**Work to be completed**. Among the entries below, copy every line that carries the word "life".

Dataset entries
::::::::::
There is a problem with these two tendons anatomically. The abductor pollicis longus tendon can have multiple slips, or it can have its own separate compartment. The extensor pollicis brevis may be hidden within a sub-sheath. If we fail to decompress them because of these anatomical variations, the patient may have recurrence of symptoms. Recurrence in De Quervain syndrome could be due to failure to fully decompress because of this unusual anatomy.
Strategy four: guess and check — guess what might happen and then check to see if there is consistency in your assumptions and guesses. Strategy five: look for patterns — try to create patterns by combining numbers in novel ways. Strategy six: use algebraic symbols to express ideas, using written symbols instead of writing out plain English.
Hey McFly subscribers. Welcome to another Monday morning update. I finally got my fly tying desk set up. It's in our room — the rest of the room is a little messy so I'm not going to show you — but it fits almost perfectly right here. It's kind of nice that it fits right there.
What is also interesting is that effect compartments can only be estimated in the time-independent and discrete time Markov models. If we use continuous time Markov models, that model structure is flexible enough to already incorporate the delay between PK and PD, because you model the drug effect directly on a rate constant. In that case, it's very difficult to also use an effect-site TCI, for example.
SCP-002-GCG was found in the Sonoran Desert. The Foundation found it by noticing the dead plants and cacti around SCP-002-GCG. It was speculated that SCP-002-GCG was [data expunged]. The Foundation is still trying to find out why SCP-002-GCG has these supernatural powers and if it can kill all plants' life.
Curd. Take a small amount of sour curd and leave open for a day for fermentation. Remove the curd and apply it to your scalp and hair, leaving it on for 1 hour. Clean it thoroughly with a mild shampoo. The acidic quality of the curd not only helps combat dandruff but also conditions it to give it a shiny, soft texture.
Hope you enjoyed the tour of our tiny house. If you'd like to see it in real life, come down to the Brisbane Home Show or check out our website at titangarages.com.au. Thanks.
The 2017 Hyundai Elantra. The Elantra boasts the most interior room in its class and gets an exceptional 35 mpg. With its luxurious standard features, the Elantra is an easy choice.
::::::::::
**Task solution**.
SCP-002-GCG was found in the Sonoran Desert. The Foundation found it by noticing the dead plants and cacti around SCP-002-GCG. It was speculated that SCP-002-GCG was [data expunged]. The Foundation is still trying to find out why SCP-002-GCG has these supernatural powers and if it can kill all plants' life.
Hope you enjoyed the tour of our tiny house. If you'd like to see it in real life, come down to the Brisbane Home Show or check out our website at titangarages.com.au. Thanks.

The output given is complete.